Task description:
Beginning with the line that contains "Sea green lehnga choli", print each line to the end of the data exactly. Omit the pictures.

··· Given information

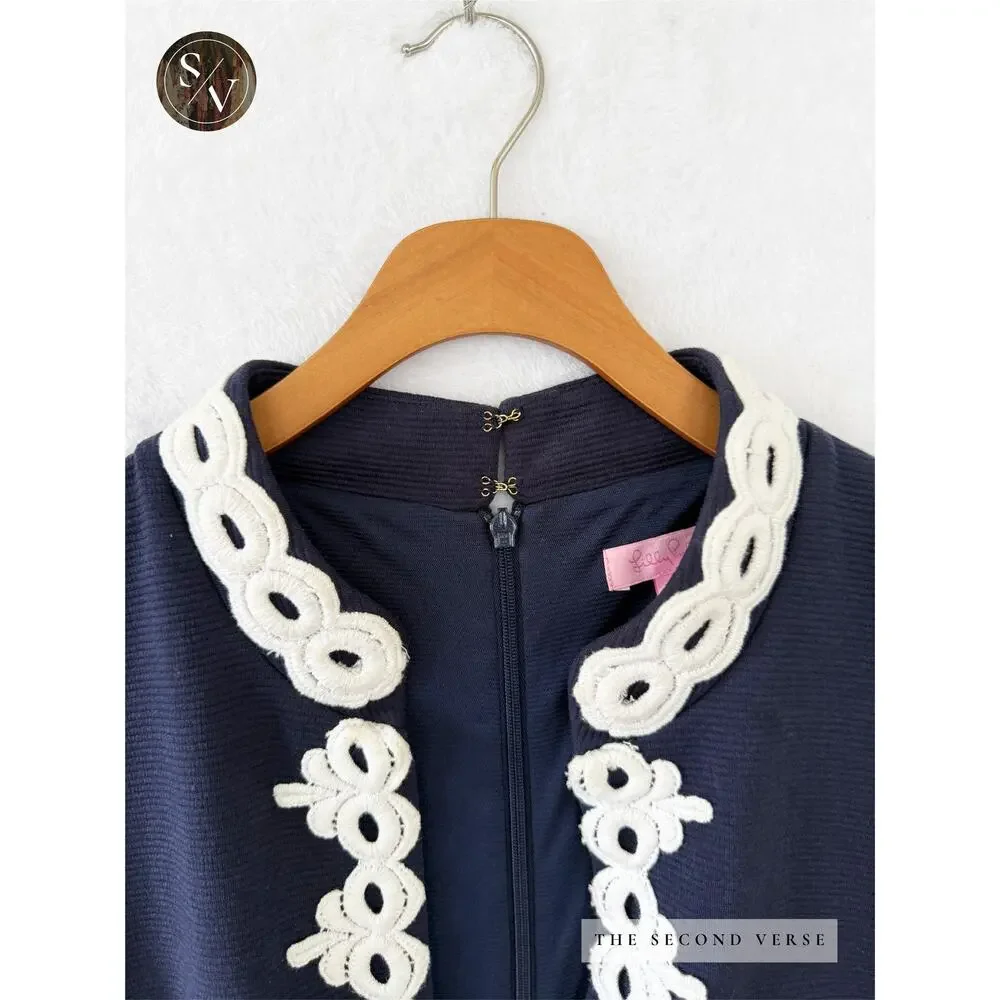 Lilly Pulitzer Calista Navy Dress With White Lace Accent Size Large - Picture 5 of 11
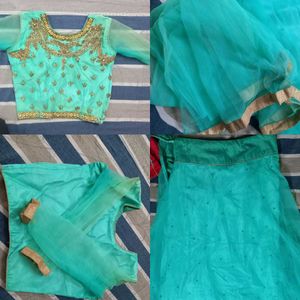 Sea green lehnga choli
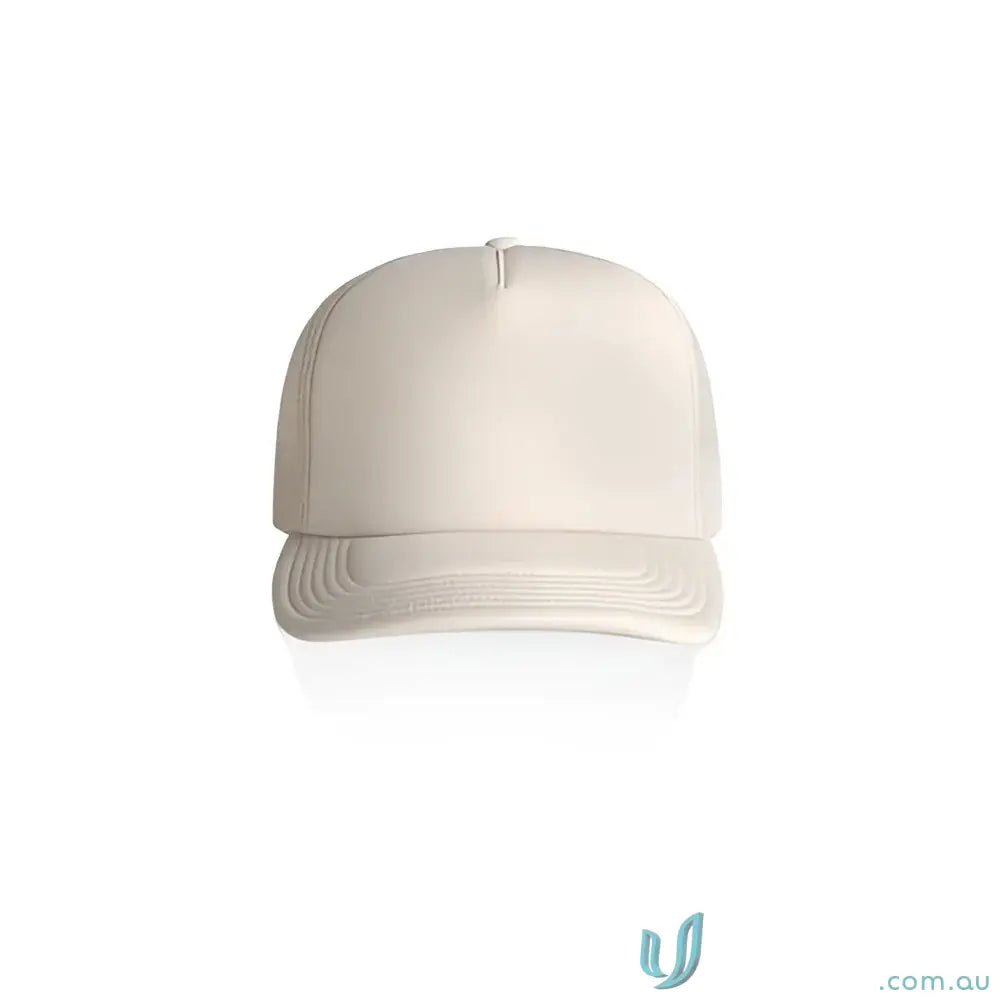 Plain light-colored foam trucker hat with recycled polyester mesh back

······

Exercise output:
 Sea green lehnga choli
 Plain light-colored foam trucker hat with recycled polyester mesh back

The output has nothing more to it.